I am a happy human. I see so many unhappy humans. Some, I talk to for my job, and some are my friends.

There is no thing I can tell them that will make them happy. I don’t have that power. But I do see one thing that I think leads to dissatisfaction more than anything: comparisons. Self-help books thrive on presenting models of what you “should” do to achieve the levels of success that others might have. But those others have made different bargains with themselves, and others.

The people those books ask you to compare yourselves to are outliers in those things. You are not an outlier in those things. You are an outlier in something else.

Your bargains are your bargains.

What made me think about these things today was thinking about people who have BHAGs. Big, Hairy Ass Goals. We all need BHAGs. I have some. But the real question is this: if your BHAG takes three, or four, or five years to realize, does that mean you are enduring years of not thinking you are good enough, or strong enough, or knowledgeable enough, before you get to that “moment” in which you do think those things?

How long will that moment last?

Will it last longer than those years of thinking you “aren’t there yet”?

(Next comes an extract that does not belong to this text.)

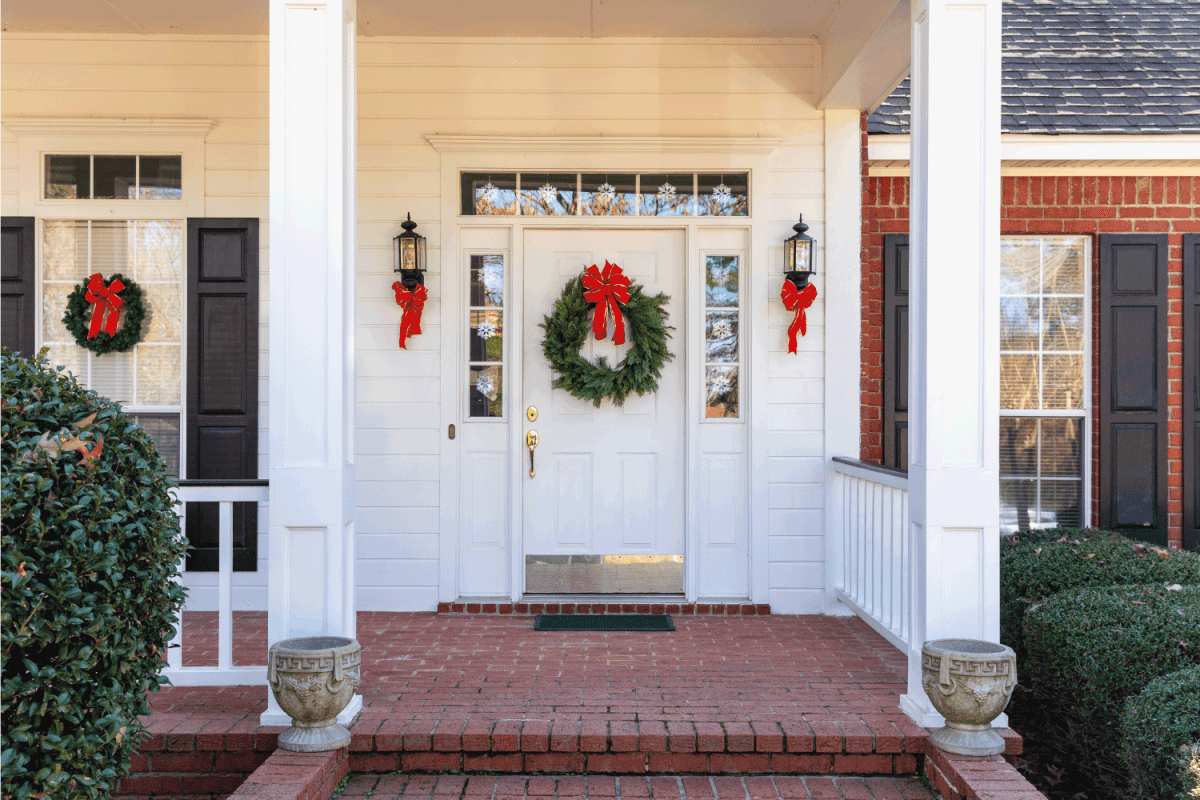 Front Porch and door decorated for the Christmas holiday season. wreath hung on a storm door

I ask myself these questions a lot.

Tony Robbins says that only real dissatisfaction leads to change. He is right. But putting ourselves into a state in which we “endure” years of dissatisfaction/struggle/effort to get to some envisioned change point, is really just years of being unhappy.

That kinda sucks.

Right?

So, here is my point: people buy self-help books and courses because they are dissatisfied. Those books and courses present a model to which they should strive. That model is very likely based upon an outlier, not the middle of the bell curve. And thus, that model is actually more unattainable for those book/course purchasers, than ACTUAL happiness is.

It’s simultaneously not that easy, and easier than you think.

If you think years of strife will lead to happiness, you only buy yourself more years of strife. We need better models. The people who write these books, or are the subjects of these books, made it after years of struggle. So, we believe that we need those years of struggle in order to emulate them. But they are the .01%. If you buy a book teaching you how to emulate Richard Branson, you are 99.9999% likely to be not-quite-Richard-Branson. And the .0001% didn’t need the book.

The things I have done have not made me happy. What makes me happy, today? How I think about things. I can do that in an instant. It’s truly the only thing I can control.